(Brief descriptive captions)
#####

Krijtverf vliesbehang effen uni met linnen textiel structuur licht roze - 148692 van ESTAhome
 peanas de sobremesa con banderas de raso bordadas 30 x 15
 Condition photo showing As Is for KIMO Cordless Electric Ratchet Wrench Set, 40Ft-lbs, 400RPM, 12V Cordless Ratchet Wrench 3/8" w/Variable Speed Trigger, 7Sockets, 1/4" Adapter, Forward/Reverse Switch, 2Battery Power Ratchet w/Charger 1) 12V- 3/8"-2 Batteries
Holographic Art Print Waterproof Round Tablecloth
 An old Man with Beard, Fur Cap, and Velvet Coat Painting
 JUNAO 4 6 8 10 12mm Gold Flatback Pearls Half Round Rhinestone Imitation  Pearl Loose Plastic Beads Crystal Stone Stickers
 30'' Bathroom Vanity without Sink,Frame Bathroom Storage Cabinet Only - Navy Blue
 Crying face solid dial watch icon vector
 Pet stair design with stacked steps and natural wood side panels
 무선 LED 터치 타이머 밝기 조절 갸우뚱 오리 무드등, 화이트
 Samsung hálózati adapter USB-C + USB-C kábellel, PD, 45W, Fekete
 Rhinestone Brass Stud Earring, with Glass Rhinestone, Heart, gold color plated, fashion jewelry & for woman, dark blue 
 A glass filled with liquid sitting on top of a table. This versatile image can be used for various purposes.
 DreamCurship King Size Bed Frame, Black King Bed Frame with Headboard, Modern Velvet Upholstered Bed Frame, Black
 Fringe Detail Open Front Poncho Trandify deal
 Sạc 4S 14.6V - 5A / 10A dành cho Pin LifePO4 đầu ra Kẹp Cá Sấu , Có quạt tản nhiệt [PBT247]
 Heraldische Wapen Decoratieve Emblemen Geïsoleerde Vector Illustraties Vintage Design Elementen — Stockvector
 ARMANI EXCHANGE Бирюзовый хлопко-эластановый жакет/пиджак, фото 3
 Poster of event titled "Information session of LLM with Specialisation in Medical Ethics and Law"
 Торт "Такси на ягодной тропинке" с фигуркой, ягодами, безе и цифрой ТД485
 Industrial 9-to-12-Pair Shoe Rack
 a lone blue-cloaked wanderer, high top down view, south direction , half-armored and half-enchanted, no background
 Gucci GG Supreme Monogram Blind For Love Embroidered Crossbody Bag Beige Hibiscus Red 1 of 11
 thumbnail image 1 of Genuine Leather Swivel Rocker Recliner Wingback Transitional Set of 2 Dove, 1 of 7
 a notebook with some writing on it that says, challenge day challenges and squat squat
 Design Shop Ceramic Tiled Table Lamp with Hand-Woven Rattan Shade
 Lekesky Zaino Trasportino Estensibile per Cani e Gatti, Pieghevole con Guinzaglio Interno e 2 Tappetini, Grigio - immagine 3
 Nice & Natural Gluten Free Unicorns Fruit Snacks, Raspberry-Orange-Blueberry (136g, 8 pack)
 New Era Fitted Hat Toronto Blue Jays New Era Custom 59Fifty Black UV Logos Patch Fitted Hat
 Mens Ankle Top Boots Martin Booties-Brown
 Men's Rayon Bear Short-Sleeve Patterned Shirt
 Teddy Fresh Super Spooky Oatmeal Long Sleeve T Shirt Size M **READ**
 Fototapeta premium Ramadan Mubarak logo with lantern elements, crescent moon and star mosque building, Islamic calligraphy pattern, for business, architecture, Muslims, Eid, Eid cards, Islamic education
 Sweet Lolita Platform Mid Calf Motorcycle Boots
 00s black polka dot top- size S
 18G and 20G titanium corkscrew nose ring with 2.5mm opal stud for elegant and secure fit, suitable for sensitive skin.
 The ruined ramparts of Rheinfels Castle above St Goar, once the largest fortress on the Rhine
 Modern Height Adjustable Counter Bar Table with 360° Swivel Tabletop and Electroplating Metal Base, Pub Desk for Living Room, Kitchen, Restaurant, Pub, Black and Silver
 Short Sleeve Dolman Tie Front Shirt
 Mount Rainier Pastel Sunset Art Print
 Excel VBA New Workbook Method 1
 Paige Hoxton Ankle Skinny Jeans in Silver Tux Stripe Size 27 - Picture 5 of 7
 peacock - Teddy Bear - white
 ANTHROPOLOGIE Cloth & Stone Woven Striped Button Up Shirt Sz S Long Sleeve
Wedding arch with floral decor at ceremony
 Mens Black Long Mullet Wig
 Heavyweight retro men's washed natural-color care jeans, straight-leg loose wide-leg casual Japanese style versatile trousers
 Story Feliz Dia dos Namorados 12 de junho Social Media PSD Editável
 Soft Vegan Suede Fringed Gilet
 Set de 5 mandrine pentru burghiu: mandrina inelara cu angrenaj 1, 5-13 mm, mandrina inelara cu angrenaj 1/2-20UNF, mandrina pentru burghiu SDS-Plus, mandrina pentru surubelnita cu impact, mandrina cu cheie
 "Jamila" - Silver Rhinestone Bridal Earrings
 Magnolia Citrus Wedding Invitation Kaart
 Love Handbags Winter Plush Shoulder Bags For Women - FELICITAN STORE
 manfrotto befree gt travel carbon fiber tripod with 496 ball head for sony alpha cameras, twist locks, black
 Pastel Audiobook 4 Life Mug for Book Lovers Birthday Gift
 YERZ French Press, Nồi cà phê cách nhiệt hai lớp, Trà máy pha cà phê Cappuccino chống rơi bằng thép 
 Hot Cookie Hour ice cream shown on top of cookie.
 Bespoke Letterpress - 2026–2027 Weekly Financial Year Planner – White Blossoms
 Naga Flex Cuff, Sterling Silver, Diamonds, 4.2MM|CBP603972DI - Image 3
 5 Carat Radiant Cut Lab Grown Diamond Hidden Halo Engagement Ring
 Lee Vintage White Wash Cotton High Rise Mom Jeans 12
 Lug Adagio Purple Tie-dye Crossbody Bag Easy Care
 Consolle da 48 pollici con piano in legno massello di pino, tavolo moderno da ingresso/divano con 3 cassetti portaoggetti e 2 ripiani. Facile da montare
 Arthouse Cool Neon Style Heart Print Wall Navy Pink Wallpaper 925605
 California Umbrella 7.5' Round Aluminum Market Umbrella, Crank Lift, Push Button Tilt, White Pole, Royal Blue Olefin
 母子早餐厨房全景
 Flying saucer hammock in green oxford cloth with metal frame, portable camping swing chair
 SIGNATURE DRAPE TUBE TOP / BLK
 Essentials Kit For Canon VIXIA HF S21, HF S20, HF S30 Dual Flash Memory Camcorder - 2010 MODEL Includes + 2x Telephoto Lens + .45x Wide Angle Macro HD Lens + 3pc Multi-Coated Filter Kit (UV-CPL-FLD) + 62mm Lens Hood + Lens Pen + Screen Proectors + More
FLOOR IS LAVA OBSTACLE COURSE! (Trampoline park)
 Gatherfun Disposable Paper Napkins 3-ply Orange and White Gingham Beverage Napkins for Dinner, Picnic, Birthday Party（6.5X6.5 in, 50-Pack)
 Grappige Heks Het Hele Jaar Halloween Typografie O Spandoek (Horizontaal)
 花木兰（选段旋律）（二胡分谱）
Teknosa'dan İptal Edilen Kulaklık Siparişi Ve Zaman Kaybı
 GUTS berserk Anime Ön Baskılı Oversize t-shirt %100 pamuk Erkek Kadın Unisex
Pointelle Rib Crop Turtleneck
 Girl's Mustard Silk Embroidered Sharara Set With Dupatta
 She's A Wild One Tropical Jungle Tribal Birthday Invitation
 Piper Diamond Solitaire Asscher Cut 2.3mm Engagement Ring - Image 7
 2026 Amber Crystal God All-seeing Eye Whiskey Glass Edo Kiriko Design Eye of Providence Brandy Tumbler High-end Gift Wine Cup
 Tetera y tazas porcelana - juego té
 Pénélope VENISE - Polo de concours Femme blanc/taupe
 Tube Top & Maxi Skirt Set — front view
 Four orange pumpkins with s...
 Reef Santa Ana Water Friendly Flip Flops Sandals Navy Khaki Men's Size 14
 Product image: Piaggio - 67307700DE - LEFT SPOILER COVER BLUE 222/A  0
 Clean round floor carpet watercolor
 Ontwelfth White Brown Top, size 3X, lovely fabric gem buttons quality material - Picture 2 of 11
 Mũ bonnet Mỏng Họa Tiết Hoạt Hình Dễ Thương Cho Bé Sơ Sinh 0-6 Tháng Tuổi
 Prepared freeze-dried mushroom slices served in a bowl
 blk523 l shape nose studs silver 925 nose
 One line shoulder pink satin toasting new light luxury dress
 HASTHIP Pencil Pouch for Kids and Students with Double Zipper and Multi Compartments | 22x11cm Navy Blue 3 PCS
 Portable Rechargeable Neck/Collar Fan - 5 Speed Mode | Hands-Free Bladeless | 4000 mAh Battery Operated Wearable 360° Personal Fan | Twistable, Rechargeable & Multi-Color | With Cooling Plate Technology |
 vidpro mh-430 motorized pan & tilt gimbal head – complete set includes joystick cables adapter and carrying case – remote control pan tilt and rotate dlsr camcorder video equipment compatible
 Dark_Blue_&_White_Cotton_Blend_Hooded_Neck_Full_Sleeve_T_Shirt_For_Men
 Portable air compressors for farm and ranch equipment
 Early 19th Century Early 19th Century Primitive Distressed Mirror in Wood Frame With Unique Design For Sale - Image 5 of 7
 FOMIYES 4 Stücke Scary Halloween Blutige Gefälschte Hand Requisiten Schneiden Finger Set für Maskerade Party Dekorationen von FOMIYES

#####

- [Task objective] Give again exactly, and only, the lines above starting at the one with "a lone blue-cloaked" and ending at the one with "a notebook with".

- [Output]
 a lone blue-cloaked wanderer, high top down view, south direction , half-armored and half-enchanted, no background
 Gucci GG Supreme Monogram Blind For Love Embroidered Crossbody Bag Beige Hibiscus Red 1 of 11
 thumbnail image 1 of Genuine Leather Swivel Rocker Recliner Wingback Transitional Set of 2 Dove, 1 of 7
 a notebook with some writing on it that says, challenge day challenges and squat squat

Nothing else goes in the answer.